IEEE Spectrum: Can you tell us more about using “a nearly extinct Australian aboriginal vernacular made up of 28 phonemes?”

Gil Weinberg: To generate vocalizations that focuses on emotions devoid of all semantic meaning, we chose to construct a new vocabulary based on the Australian aboriginal language Yuwaalaraay, a dialect of the Gamilaraay language. Richard Savery, one of the students who worked on this project along with Ryan Rose, researched languages from his native country of Australia, and found that from 250 aboriginal languages that existed before the European invasion, today only 13 are not extinct or close to be extinct. The Ywaalarraay language is a great fit for our project since it has no written tradition and is mostly based on sound and prosody. It also allows us to evaluate our approach with Western subjects without biasing them with any semantic connotations.

Why not have Shimi speak in real words? How does that decision fit in with the rest of Shimi’s design?

There are a couple of issues we see with robots that attempt to look like and sound like humans. If they become similar to humans, but not just quite, they fall into the “Uncanny Valley,” were they are perceived as eerie and revolting. If they are able to pass the Uncanny Valley and become indistinguishable from humans, it can lead to ethical issues. Humans, in general, would like to know if they are talking to a robot or a human (see for example Google Duplex—a software-based robot that can make phone-calls to restaurants, fooling their human counterparts to think they are talking with a human).

We therefore try to make our robots distinguishable from humans in they way they communicate. Since music is such as emotive and expressive medium, at our Robotic Musicianship Lab at GTCMT, we are in particular excited about exploring new music-driven approaches to communicate emotions and moods, both in voice and gestures. Shimi, just like our other robots, doesn’t try to look and sound like a human. This allows us to explore interesting research questions such as how to use only few degrees of freedom, and non linguistic voice to communicate expressively with humans.

How does Shimi analyze the emotions of humans that it interacts with, and how good is it at doing so?

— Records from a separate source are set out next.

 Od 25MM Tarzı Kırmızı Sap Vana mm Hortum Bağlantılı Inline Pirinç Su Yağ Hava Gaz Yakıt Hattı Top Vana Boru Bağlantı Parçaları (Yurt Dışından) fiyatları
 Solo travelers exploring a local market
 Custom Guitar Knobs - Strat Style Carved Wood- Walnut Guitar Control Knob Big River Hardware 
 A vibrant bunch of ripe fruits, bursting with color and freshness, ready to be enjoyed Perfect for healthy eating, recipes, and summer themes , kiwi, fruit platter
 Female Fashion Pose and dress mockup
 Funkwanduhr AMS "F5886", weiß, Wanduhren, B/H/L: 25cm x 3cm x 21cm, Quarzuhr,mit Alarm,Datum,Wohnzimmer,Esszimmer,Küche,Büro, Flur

For emotion detection we use the two-dimensional emotion classification model of valence and arousal. We determine valence by semantically analyzing spoken language, looking for words that represent positive and negative feelings. For arousal, we analyze the human voice for loudness, intensity, pitch contour, and signal energy. The classification is pretty reliable, although currently it only classifies four basic emotions on the valence-arousal grid: happy, sad, angry and calm.

Do you think the kind of musical expressiveness that Shimi has learned would be appealing across ages and cultures, or would you need different training data for the robot to be more effective?

This is a great question, which we hope to explore in the very near future. We just submitted a research proposal that includes the creation of a large musical dataset, from a wide variety of cultures around the globe, with emotionally tagged utterances that could help us learn about the correlation between music, prosody, and emotions between different cultures. I promise to get back to you on that once we have results

What’s the long term goal of this kind of research?

In a world where we are surrounded by robots who need to communicate their state of mind, mood and emotion, prosody, and gestures seem like a great subtle back channel to do so, since humans cannot really process multiple linguistic channels effectively. So our long term goal for this research would be to scale our system to large groups of robots.